----- Dataset excerpt
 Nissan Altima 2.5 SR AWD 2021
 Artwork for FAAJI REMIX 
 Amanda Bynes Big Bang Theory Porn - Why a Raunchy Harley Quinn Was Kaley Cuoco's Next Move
----------
Problem to work on -> Give the listing again in full, and make every line match exactly.

Response below ->
 Nissan Altima 2.5 SR AWD 2021
 Artwork for FAAJI REMIX 
 Amanda Bynes Big Bang Theory Porn - Why a Raunchy Harley Quinn Was Kaley Cuoco's Next Move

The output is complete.